Records from a data source:
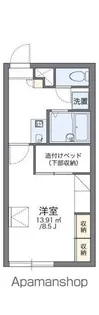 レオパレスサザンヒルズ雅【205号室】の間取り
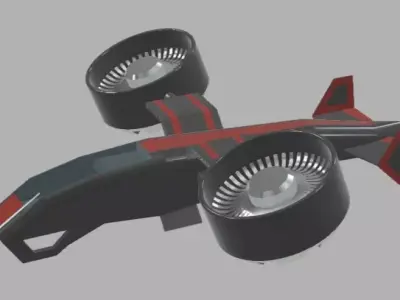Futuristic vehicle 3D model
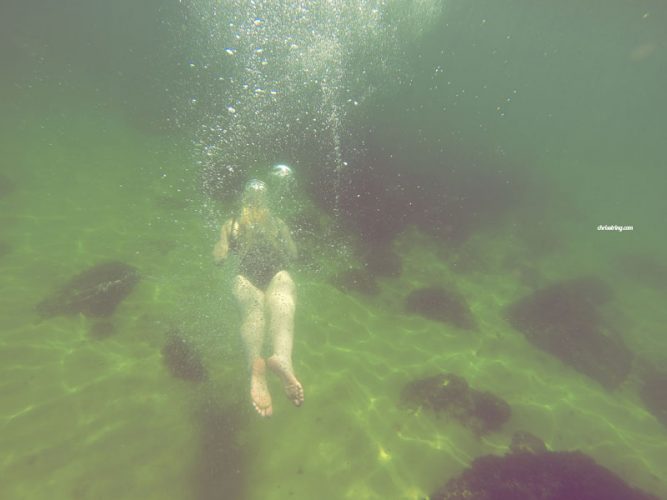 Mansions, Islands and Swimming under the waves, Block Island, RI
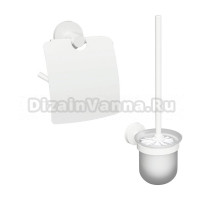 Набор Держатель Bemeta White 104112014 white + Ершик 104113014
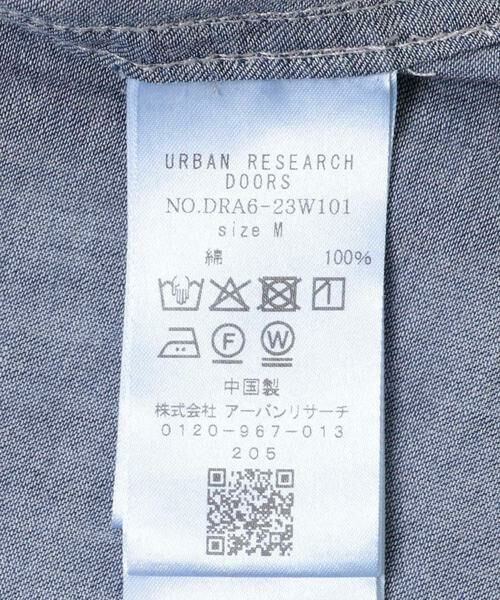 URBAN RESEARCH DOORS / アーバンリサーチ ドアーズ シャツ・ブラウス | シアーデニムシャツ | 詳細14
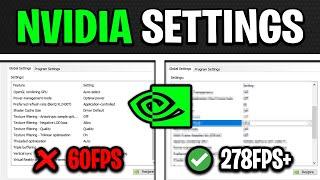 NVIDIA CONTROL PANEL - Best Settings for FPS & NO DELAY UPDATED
---
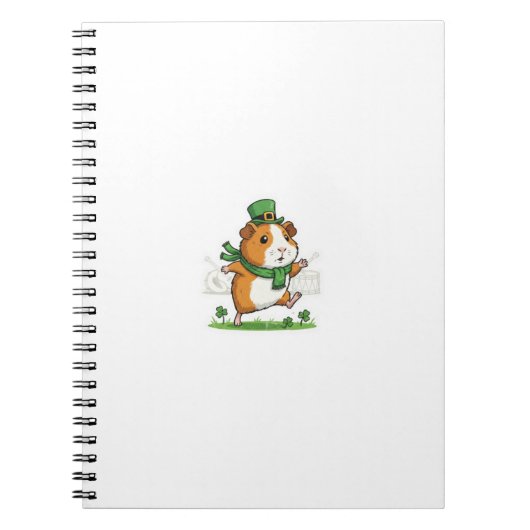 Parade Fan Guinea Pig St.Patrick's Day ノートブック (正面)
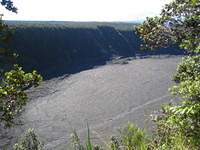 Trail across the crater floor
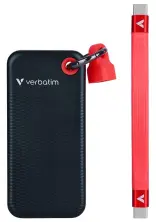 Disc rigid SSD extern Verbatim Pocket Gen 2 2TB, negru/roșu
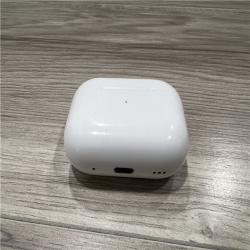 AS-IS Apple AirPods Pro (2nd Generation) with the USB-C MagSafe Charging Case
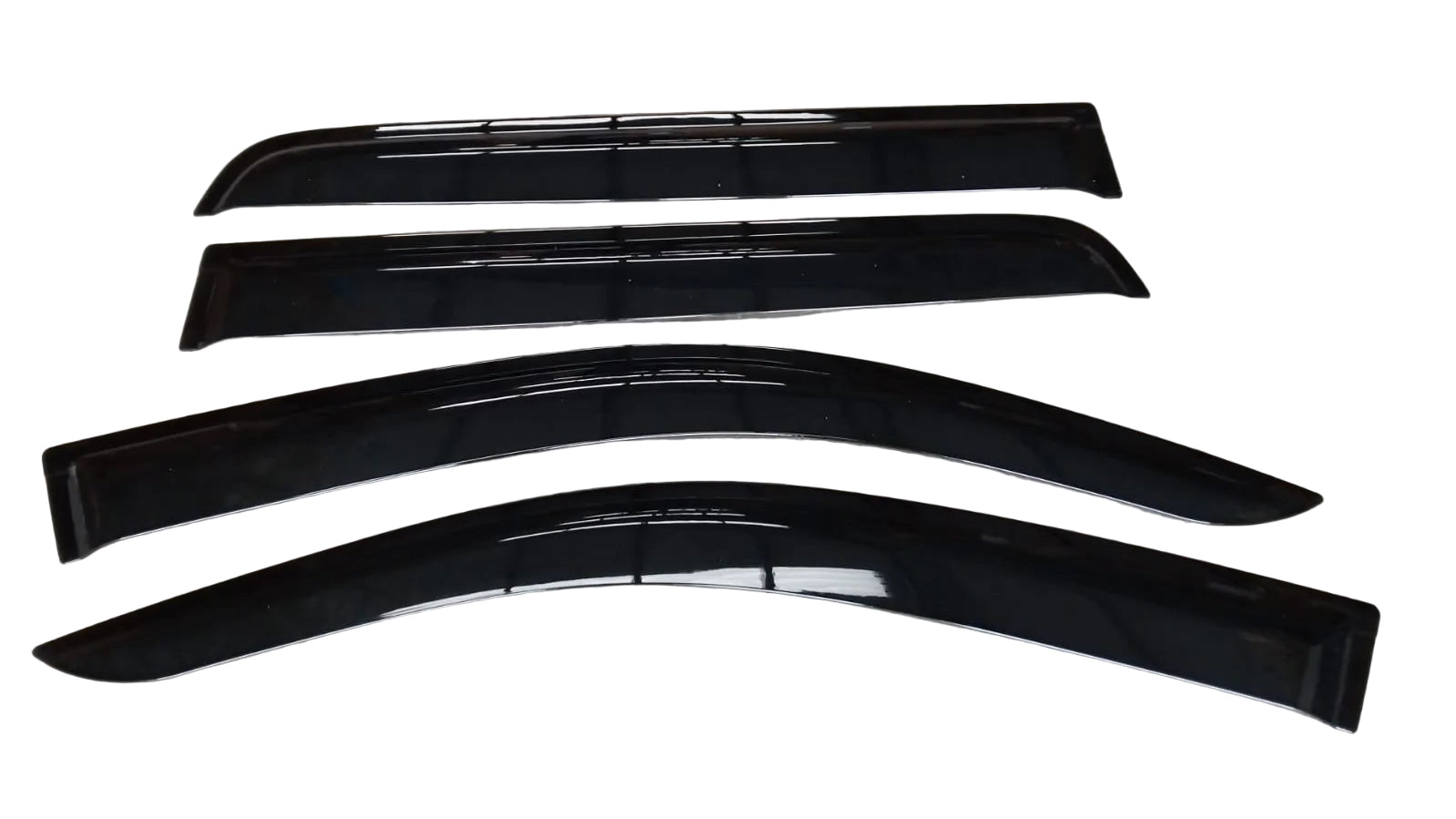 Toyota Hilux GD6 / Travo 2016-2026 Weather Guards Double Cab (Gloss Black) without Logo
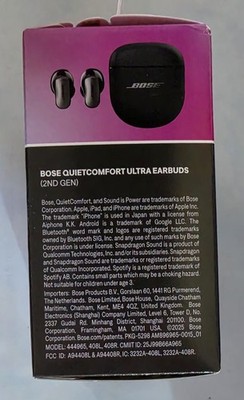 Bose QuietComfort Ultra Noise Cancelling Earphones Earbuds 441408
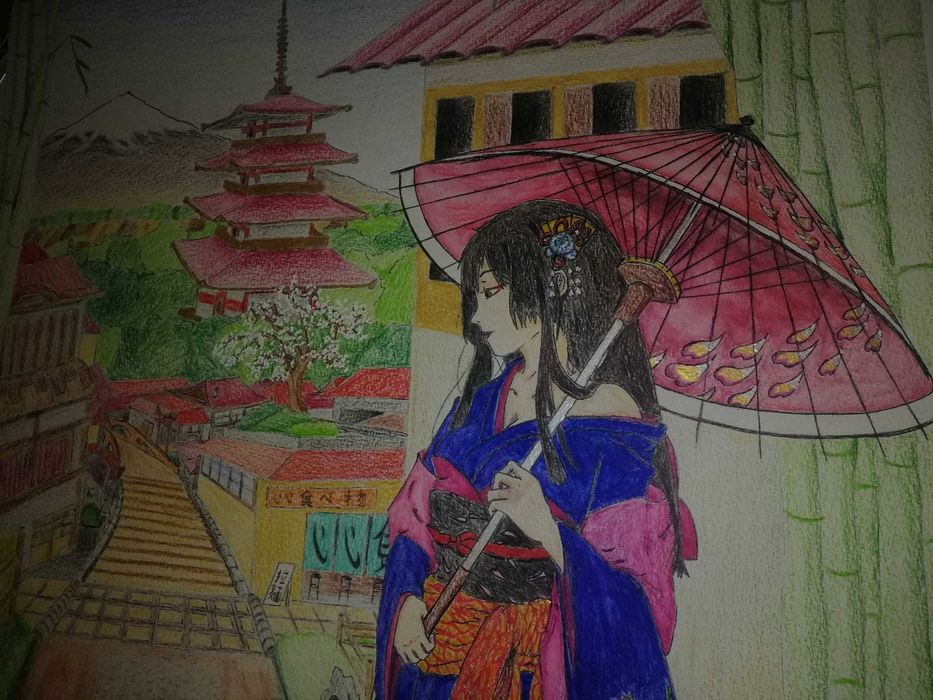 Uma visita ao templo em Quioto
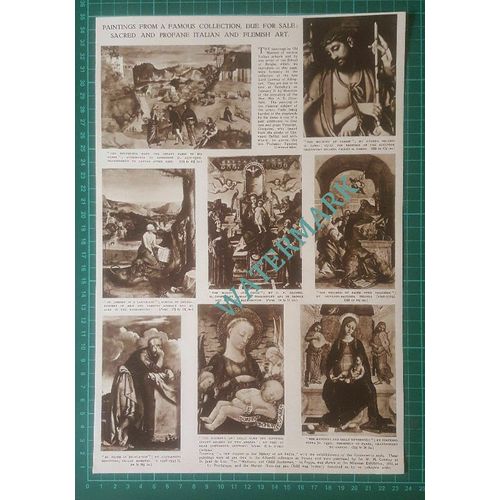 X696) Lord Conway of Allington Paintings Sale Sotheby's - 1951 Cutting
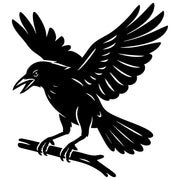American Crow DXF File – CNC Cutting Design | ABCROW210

■ Task requirements ■
What are the lines in the records above, word for word, from the one containing "AS-IS Apple AirPods" through the one containing "American Crow DXF", both ends included and pictures left out?

■ Solution for this task ■
 AS-IS Apple AirPods Pro (2nd Generation) with the USB-C MagSafe Charging Case
 Toyota Hilux GD6 / Travo 2016-2026 Weather Guards Double Cab (Gloss Black) without Logo
 Bose QuietComfort Ultra Noise Cancelling Earphones Earbuds 441408
 Uma visita ao templo em Quioto
 X696) Lord Conway of Allington Paintings Sale Sotheby's - 1951 Cutting
American Crow DXF File – CNC Cutting Design | ABCROW210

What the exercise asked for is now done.